# Open C Tuning String Gauge



## Masch (Jun 29, 2012)

Hello guys,
as the title indicates I'm interested in getting your views/ opinions and experiences regarding the best possible string gauge option for this tuning (CGCGCE). I'm currently using D'Addario EXL 145 for Drop C tuning (which is of course different than this) so would options would there be for a standard 6string guitar? Would a longer scale be necessary or more desirable?
Please let me know what you think,
Euripides


----------



## asilayamazing (Jun 29, 2012)

i liked ernie ball "skinny top heavy bottom" for "drop" tunings i use beefies for "standard" downtuning.


----------



## linqua (Jul 4, 2012)

from the Dev man himself, D'addario .10-.52. I use them actually for standard, drop c and open c(I have many guitars haha).


----------



## Metal_Webb (Jul 4, 2012)

I was using the Ernie Ball Not Even Slinkies (0.012, 0.016, 0.024, 0.032, 0.044, 0.056). I found the 0.024 to be overly tight, however it had satisfactory tone due to it being a large, highly tensioned plain steel string.
I've changed to using Circle K strings.

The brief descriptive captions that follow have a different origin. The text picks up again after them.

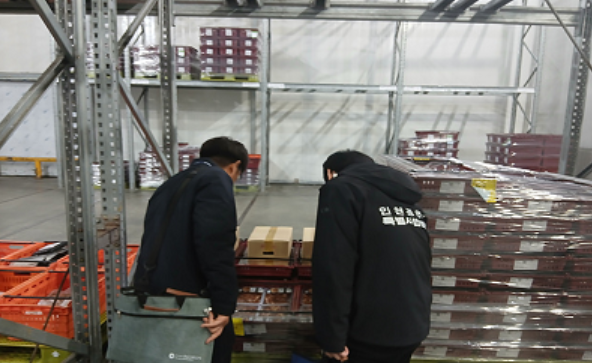 인천시 특별사법경찰관이 농·축산물 제조업체를 대상으로 위법행위 여부를 살피고 있다.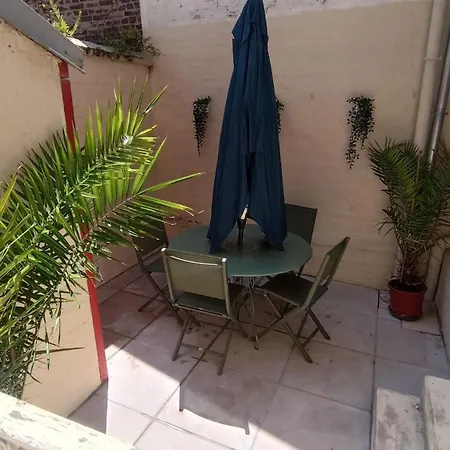 La Bateliere, Avec Patio Prive Apartmán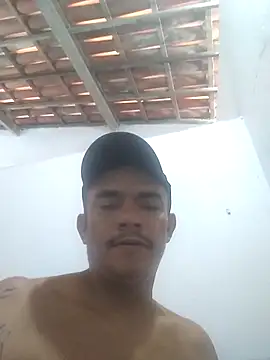 Snapshot of WellingtonOficial chatting on November 2025 11:21:02 AM WellingtonOficial online show from November 2025 11:21:02 AM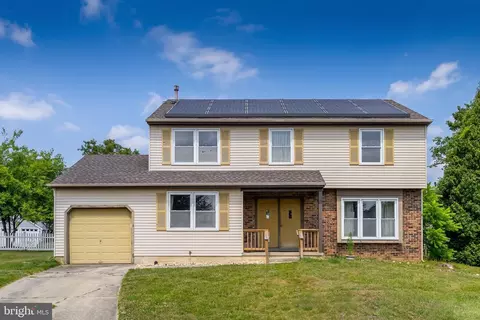 4 Cameron Ct, Laurel Springs, NJ 08021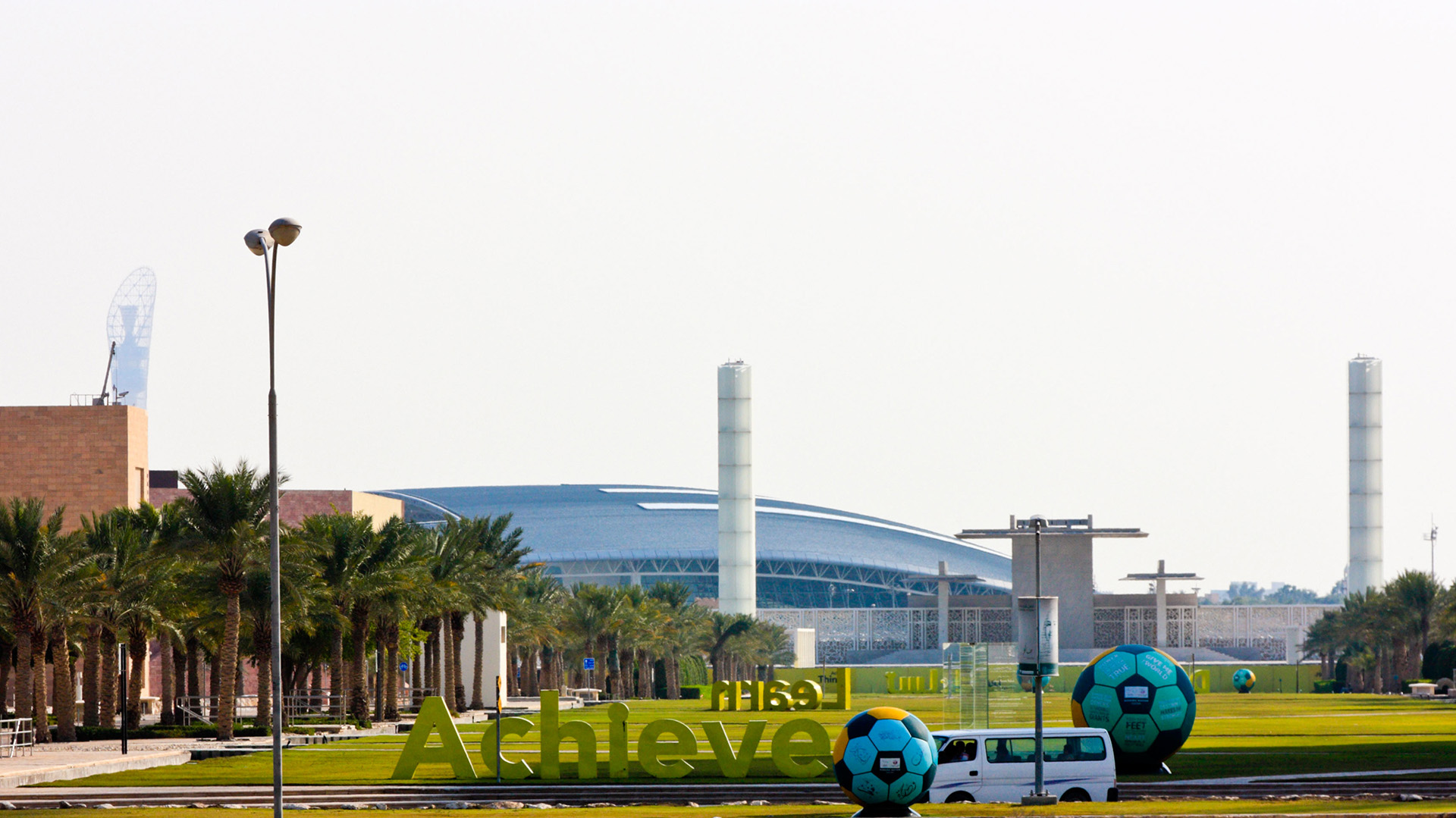 Postal del complejo deportivo de la Universidad de Qatar, que cuenta con m&amp;s de 25000 metros cuadrados (The Grosby Group)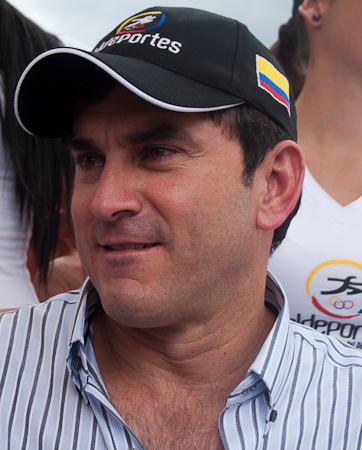 File:Jairo Clopatofsky.png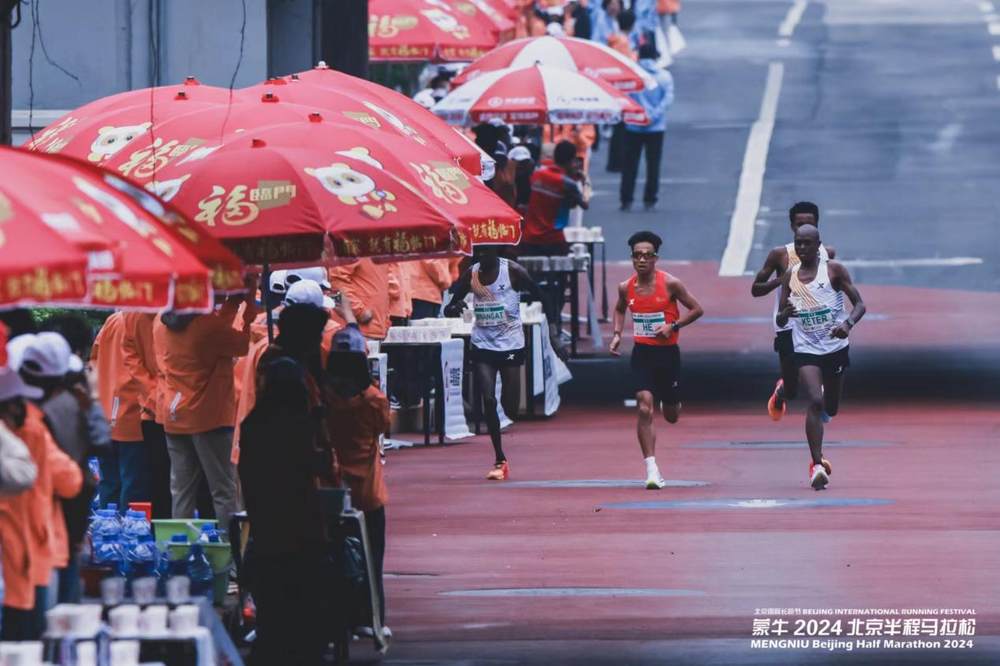 2024年北京半程马拉松鸣枪起跑 福临门携2万人 共赴健康之旅
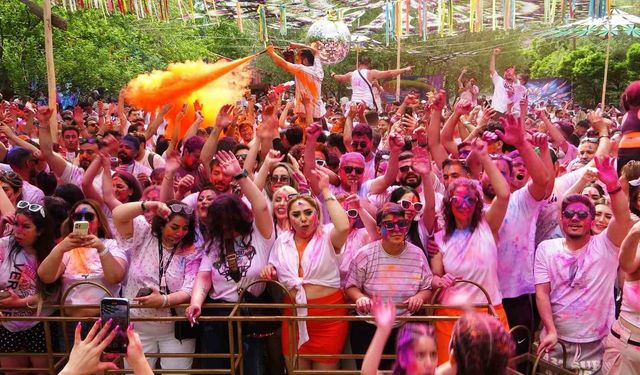Van’daki festivale İranlı akını!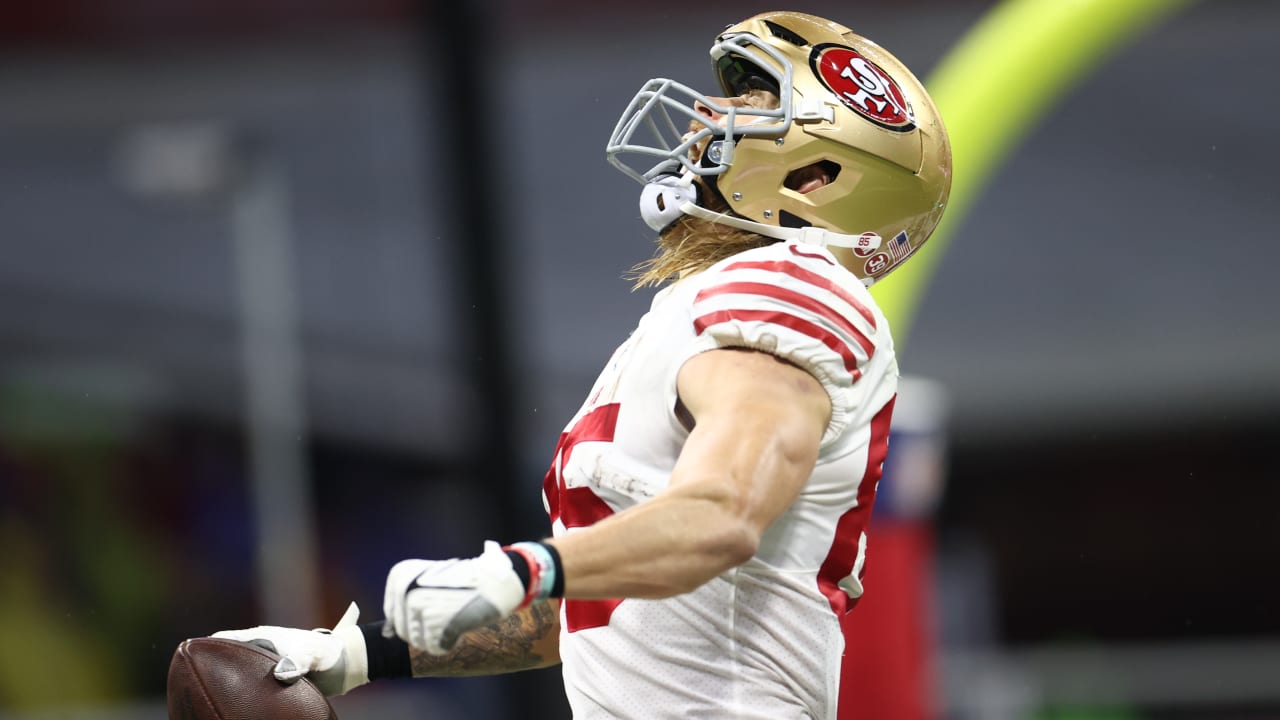 49ers' George Kittle gives gloves to young fan ahead of game vs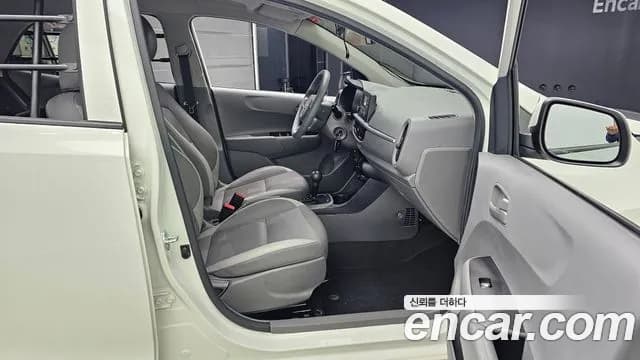 2021 Kia Morning Urban (JA) Van Sold VIN KNAB1918BMT782896 – interior seats 2021 Kia Morning Urban (JA) Van Sold VIN KNAB1918BMT782896 – interior seats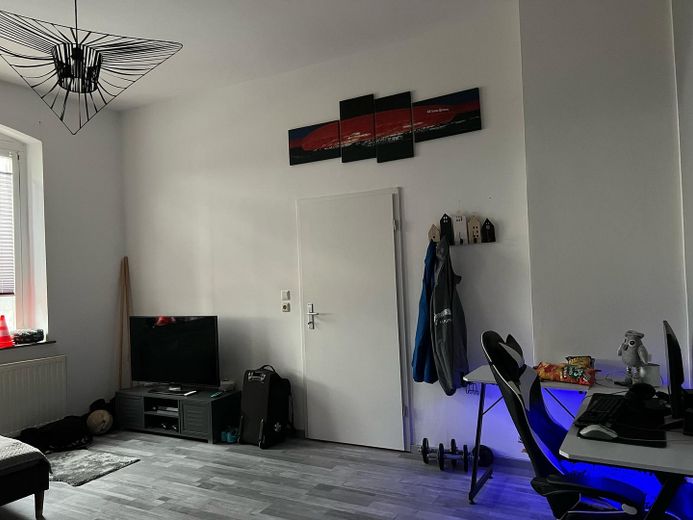 Großzügige 4-Zimmer-Wohnung | 107 m² | große Wohnküche |  Bad mit Badewanne | Hof – Foto 15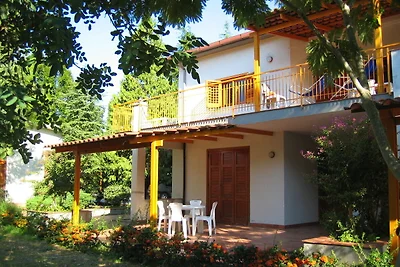 Moderne Ferienwohnung mit Swimmingpool in...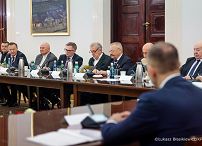 010_Prezydent_Karol_Nawrocki_spotkanie_przedstawiciele_przewoźników_22-10-2025_LB_29186.jpg.JPG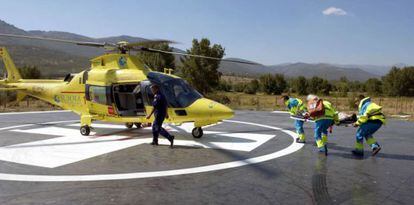 Simulacro de un rescate con uno de los helicópteros del Summa.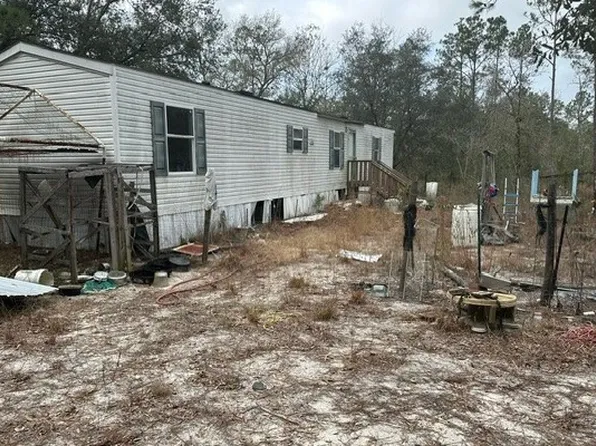 2892 NW 47th Pl, Bell, FL 32619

I've been able to build a tension balanced set which should be getting here sometime soon.


----------



## noise in my mind (Jul 4, 2012)

i just use regular 10's.


----------



## mili9152 (Jul 4, 2012)

This is personal preference - check out D'Addario's string tension guide.

Personally, I would go with a regular 11 set.


----------